## Task statement
When you reach the line below that has "QUEENS OF STONE", start returning lines exactly, and stop after the line that has "USCG STANT Saginaw"; skip the pictures.

[Brief descriptive captions]
####################
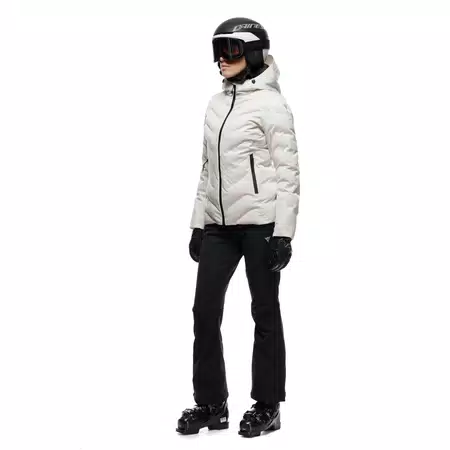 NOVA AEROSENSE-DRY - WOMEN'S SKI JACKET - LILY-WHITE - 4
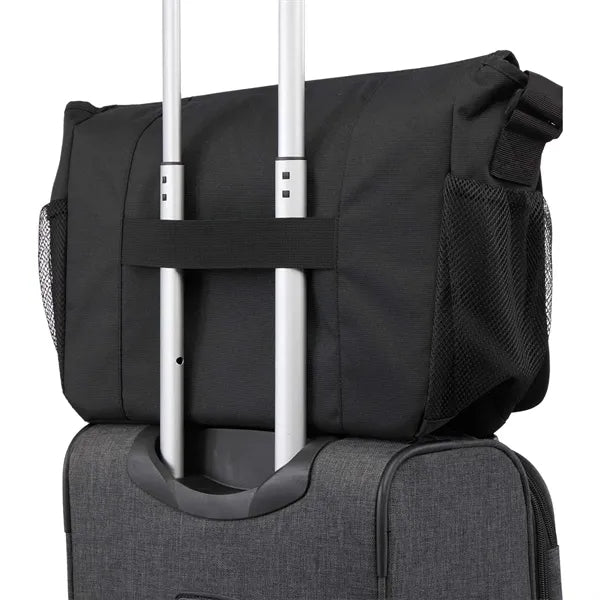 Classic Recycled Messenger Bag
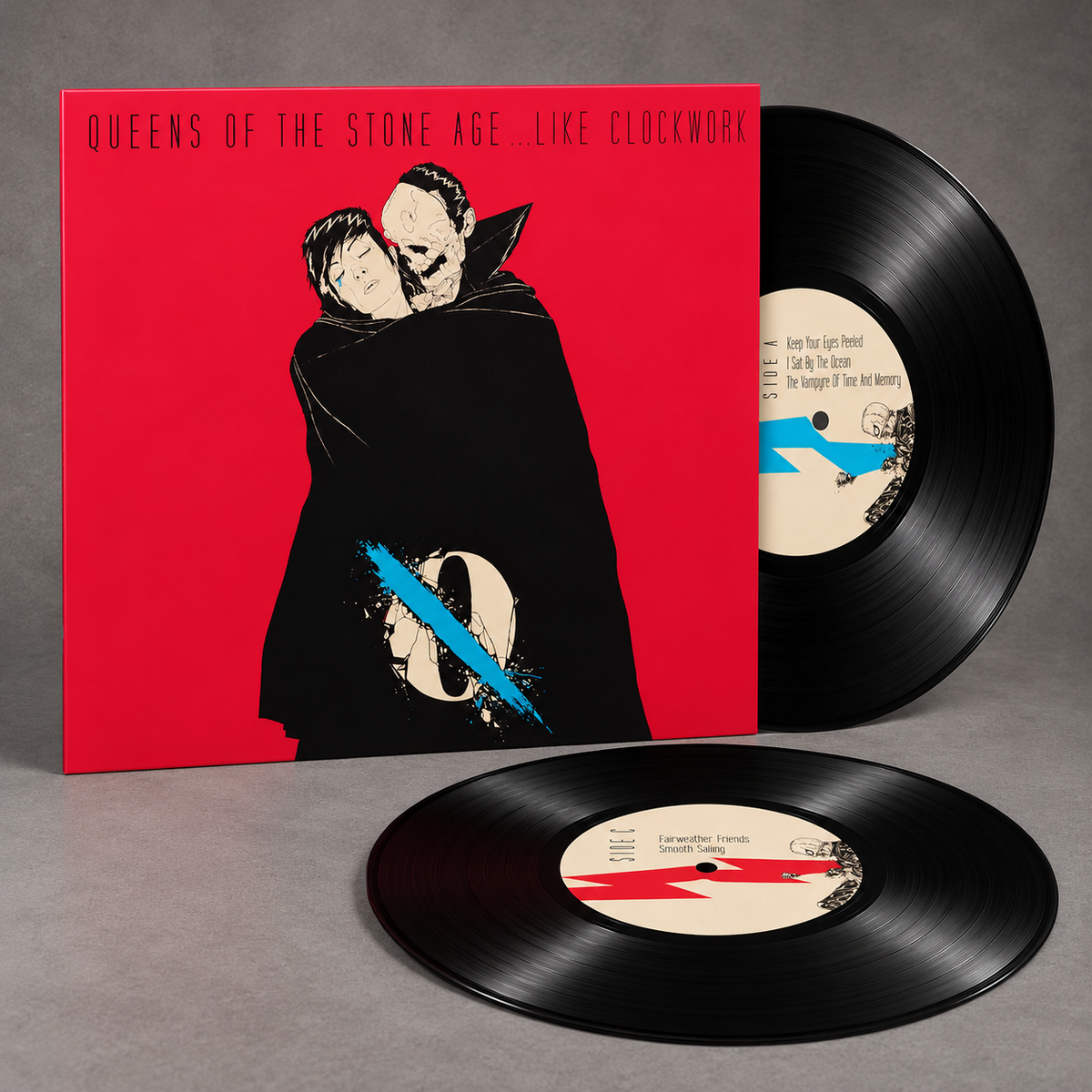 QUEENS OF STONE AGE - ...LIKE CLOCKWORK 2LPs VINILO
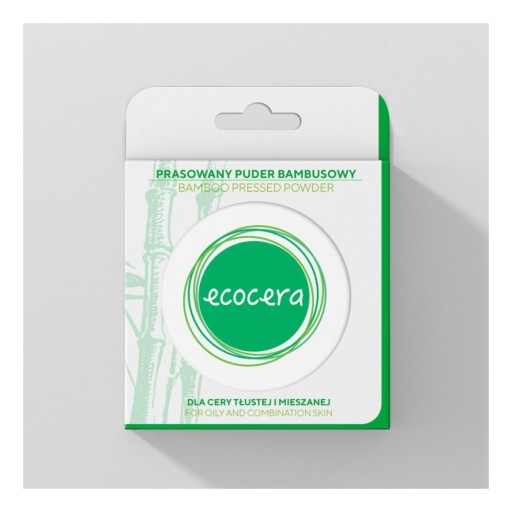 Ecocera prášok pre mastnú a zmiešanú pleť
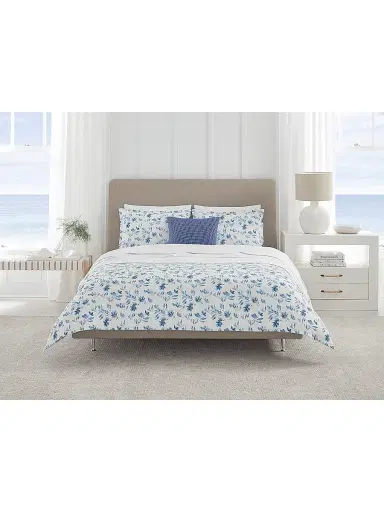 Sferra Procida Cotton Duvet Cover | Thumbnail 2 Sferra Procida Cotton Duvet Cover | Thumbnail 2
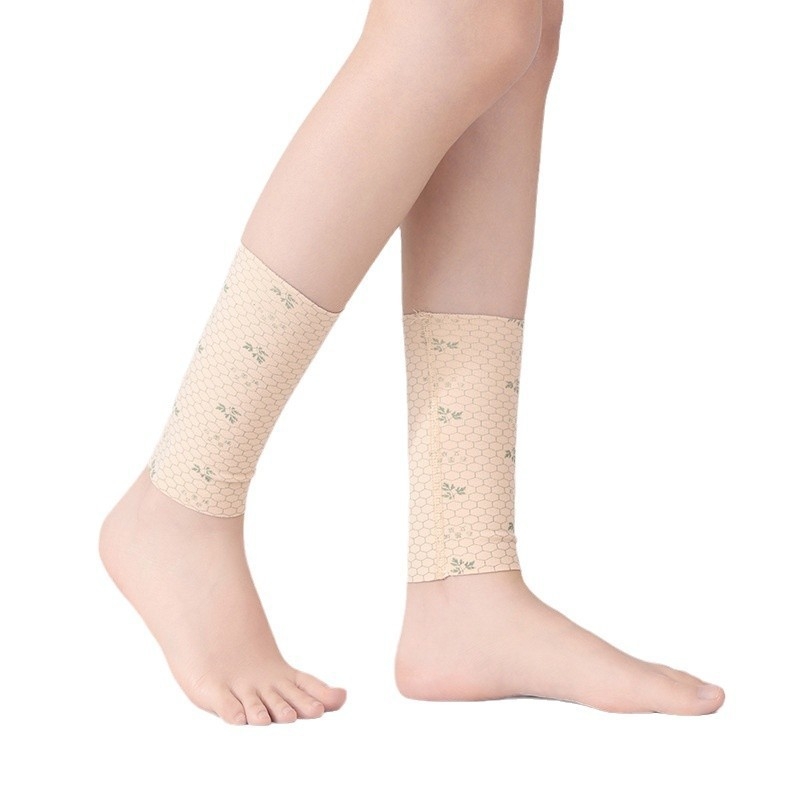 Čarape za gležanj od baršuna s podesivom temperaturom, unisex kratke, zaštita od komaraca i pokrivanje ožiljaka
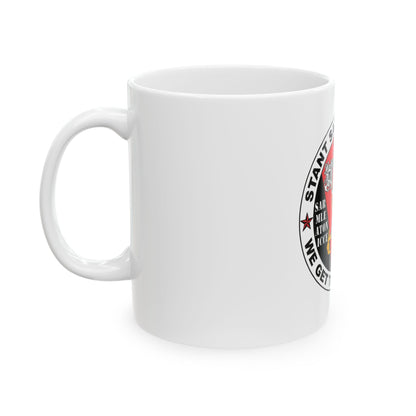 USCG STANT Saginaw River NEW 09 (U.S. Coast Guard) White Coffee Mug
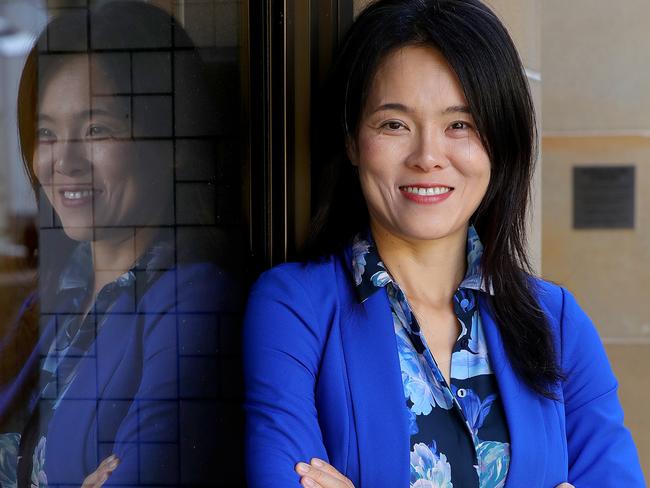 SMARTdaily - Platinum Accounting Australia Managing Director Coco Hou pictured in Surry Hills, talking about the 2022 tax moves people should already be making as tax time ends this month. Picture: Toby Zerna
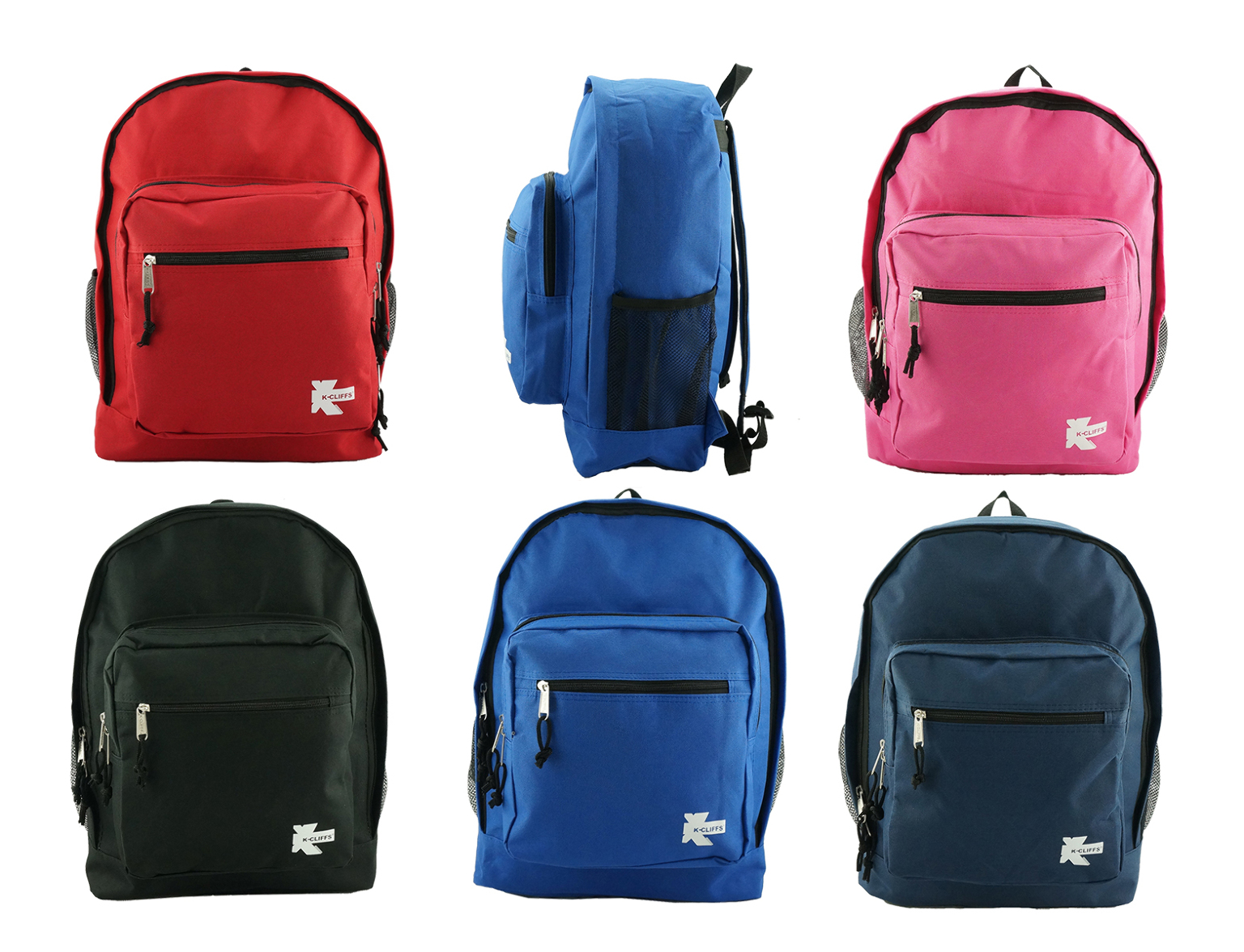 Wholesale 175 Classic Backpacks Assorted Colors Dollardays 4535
####################
## Exercise answer
 QUEENS OF STONE AGE - ...LIKE CLOCKWORK 2LPs VINILO
 Ecocera prášok pre mastnú a zmiešanú pleť
 Sferra Procida Cotton Duvet Cover | Thumbnail 2 Sferra Procida Cotton Duvet Cover | Thumbnail 2
 Čarape za gležanj od baršuna s podesivom temperaturom, unisex kratke, zaštita od komaraca i pokrivanje ožiljaka
 USCG STANT Saginaw River NEW 09 (U.S. Coast Guard) White Coffee Mug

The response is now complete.